→ **Recorded data**
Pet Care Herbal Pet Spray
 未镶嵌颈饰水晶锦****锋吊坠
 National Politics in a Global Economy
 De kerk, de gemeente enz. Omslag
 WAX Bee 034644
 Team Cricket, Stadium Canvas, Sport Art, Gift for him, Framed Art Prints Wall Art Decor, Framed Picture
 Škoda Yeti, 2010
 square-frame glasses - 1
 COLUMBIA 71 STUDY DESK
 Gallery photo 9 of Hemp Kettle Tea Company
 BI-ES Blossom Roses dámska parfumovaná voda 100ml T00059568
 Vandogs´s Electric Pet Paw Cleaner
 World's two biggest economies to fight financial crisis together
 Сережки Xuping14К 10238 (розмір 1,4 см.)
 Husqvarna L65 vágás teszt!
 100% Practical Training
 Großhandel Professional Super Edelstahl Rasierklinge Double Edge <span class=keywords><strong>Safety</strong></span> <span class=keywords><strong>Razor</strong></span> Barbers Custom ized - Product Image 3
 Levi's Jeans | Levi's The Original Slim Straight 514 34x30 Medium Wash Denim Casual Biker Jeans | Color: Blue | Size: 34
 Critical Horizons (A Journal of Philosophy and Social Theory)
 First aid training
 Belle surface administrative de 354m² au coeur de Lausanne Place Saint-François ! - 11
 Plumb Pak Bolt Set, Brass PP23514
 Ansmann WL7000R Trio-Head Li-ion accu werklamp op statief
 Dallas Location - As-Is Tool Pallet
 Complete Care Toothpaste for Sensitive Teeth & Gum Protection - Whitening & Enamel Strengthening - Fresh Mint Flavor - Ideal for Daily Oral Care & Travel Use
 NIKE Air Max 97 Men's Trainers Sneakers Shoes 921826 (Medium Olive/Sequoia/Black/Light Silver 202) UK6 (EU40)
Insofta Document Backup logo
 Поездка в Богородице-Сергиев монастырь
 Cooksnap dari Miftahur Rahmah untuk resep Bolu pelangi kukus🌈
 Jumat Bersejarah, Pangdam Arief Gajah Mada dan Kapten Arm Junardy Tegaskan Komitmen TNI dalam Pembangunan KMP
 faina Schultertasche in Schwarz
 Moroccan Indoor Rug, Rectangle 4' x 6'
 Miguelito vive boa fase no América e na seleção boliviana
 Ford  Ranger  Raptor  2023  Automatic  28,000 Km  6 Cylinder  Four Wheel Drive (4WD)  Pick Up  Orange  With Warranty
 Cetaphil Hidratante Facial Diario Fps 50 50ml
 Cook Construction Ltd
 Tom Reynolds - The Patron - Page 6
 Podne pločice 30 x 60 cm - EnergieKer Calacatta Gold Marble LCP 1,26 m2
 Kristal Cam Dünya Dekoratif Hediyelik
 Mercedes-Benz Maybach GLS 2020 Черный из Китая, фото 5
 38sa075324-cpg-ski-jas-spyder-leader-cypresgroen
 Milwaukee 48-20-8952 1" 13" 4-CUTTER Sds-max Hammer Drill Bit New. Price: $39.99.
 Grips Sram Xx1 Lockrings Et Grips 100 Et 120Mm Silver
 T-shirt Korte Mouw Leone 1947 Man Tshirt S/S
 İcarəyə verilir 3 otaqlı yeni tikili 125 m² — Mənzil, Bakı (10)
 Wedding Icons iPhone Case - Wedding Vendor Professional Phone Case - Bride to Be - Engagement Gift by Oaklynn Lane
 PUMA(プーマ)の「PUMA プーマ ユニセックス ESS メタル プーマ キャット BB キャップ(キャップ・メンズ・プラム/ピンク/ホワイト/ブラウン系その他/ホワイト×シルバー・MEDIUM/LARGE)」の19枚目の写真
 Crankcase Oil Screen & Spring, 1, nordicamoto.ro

→ **Work instructions**
Repeat the material, keeping every word exactly as it is.

→ **Solution to this task**
Pet Care Herbal Pet Spray
 未镶嵌颈饰水晶锦****锋吊坠
 National Politics in a Global Economy
 De kerk, de gemeente enz. Omslag
 WAX Bee 034644
 Team Cricket, Stadium Canvas, Sport Art, Gift for him, Framed Art Prints Wall Art Decor, Framed Picture
 Škoda Yeti, 2010
 square-frame glasses - 1
 COLUMBIA 71 STUDY DESK
 Gallery photo 9 of Hemp Kettle Tea Company
 BI-ES Blossom Roses dámska parfumovaná voda 100ml T00059568
 Vandogs´s Electric Pet Paw Cleaner
 World's two biggest economies to fight financial crisis together
 Сережки Xuping14К 10238 (розмір 1,4 см.)
 Husqvarna L65 vágás teszt!
 100% Practical Training
 Großhandel Professional Super Edelstahl Rasierklinge Double Edge <span class=keywords><strong>Safety</strong></span> <span class=keywords><strong>Razor</strong></span> Barbers Custom ized - Product Image 3
 Levi's Jeans | Levi's The Original Slim Straight 514 34x30 Medium Wash Denim Casual Biker Jeans | Color: Blue | Size: 34
 Critical Horizons (A Journal of Philosophy and Social Theory)
 First aid training
 Belle surface administrative de 354m² au coeur de Lausanne Place Saint-François ! - 11
 Plumb Pak Bolt Set, Brass PP23514
 Ansmann WL7000R Trio-Head Li-ion accu werklamp op statief
 Dallas Location - As-Is Tool Pallet
 Complete Care Toothpaste for Sensitive Teeth & Gum Protection - Whitening & Enamel Strengthening - Fresh Mint Flavor - Ideal for Daily Oral Care & Travel Use
 NIKE Air Max 97 Men's Trainers Sneakers Shoes 921826 (Medium Olive/Sequoia/Black/Light Silver 202) UK6 (EU40)
Insofta Document Backup logo
 Поездка в Богородице-Сергиев монастырь
 Cooksnap dari Miftahur Rahmah untuk resep Bolu pelangi kukus🌈
 Jumat Bersejarah, Pangdam Arief Gajah Mada dan Kapten Arm Junardy Tegaskan Komitmen TNI dalam Pembangunan KMP
 faina Schultertasche in Schwarz
 Moroccan Indoor Rug, Rectangle 4' x 6'
 Miguelito vive boa fase no América e na seleção boliviana
 Ford  Ranger  Raptor  2023  Automatic  28,000 Km  6 Cylinder  Four Wheel Drive (4WD)  Pick Up  Orange  With Warranty
 Cetaphil Hidratante Facial Diario Fps 50 50ml
 Cook Construction Ltd
 Tom Reynolds - The Patron - Page 6
 Podne pločice 30 x 60 cm - EnergieKer Calacatta Gold Marble LCP 1,26 m2
 Kristal Cam Dünya Dekoratif Hediyelik
 Mercedes-Benz Maybach GLS 2020 Черный из Китая, фото 5
 38sa075324-cpg-ski-jas-spyder-leader-cypresgroen
 Milwaukee 48-20-8952 1" 13" 4-CUTTER Sds-max Hammer Drill Bit New. Price: $39.99.
 Grips Sram Xx1 Lockrings Et Grips 100 Et 120Mm Silver
 T-shirt Korte Mouw Leone 1947 Man Tshirt S/S
 İcarəyə verilir 3 otaqlı yeni tikili 125 m² — Mənzil, Bakı (10)
 Wedding Icons iPhone Case - Wedding Vendor Professional Phone Case - Bride to Be - Engagement Gift by Oaklynn Lane
 PUMA(プーマ)の「PUMA プーマ ユニセックス ESS メタル プーマ キャット BB キャップ(キャップ・メンズ・プラム/ピンク/ホワイト/ブラウン系その他/ホワイト×シルバー・MEDIUM/LARGE)」の19枚目の写真
 Crankcase Oil Screen & Spring, 1, nordicamoto.ro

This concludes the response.